Kırk kayıp türbe - "Görünmeyen Eren Kırık Şilten aziz". Tam ortasında, Adem ve Havva olmak üzere ikiye ayrılmış büyük bir kaya var. Erkek ve kadın, baba ve annenin sembolü. Adem ile Havva arasındaki dar uçurumdan geçmiş bir kişi günahlardan arındırılmış kabul edilir.
Çoğu zaman, şişman insanlar bile 15 metre uzunluğundaki dar bir yarıktan kolayca geçerken diğerleri takılıp geri dönüyor - diyor Yerlan. - Hangi bilinmeyen gücün içeri girmelerine izin vermediği bilinmiyor. Belki de evrene karşı korku veya güvensizlik? Diğerleri başka engellerle karşılaşır. Örneğin, hiçbir yerden sürünen beyaz veya kara bir yılan şeklinde. Bu, kişinin henüz böyle bir teste hazır olmadığı anlamına gelir. Mucizeler ve daha fazlası!
Yakınlarda anne rahminin sembolü olan başka bir sihirli kaya var. Dua, ebeveynler 13 yaşın altındaki çocuklarını ona götürür. Bir taştaki dar bir geçidi bağımsız olarak aşan ve böyle bir çileden korkmayan bir çocuğun sağlıklı ve mutlu büyüyeceğine inanılıyor. Ve istisnasız tüm "Kırk Kayıp Türbeler", Yüce'den rahat bir yaşam, çocukların doğumu, ailelerde barış, sağlık istiyor.

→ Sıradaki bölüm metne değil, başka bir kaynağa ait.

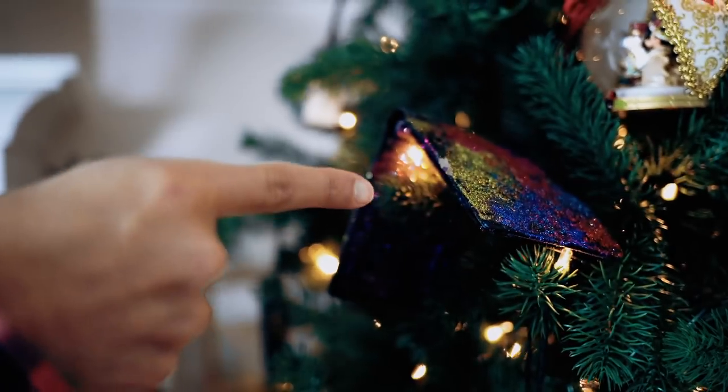Juan, are those my car keys? Not just your car keys — your wallet too! My wallet too? I also took your underwear, but those didn't need any glitter. Very stylish, the perfect ornament. Nothing to be ashamed about.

İlginç bir şekilde, Adem ve Havva çevresindeki rüzgârla oyulmuş kayalık kaya oluşumlarında hayvan benzeri figürler var. Nuh'un gemisindeki tufandan kurtulanlar. Bir fil, bir deve, bir ayı, bir at var ... Efsaneye göre Nuh'un gemisi de yakınlarda bulunan devasa Kazygurt dağında eski zamanlarda durdu. Bu nedenle adı: "kazyk urt" - Kazakça'dan çevrilmiş - "bahıs yapma". Diğer bir deyişle, "buraya demirleyen gemi." Nitekim eski zamanlarda burayı çevreleyen tüm alan denizdi.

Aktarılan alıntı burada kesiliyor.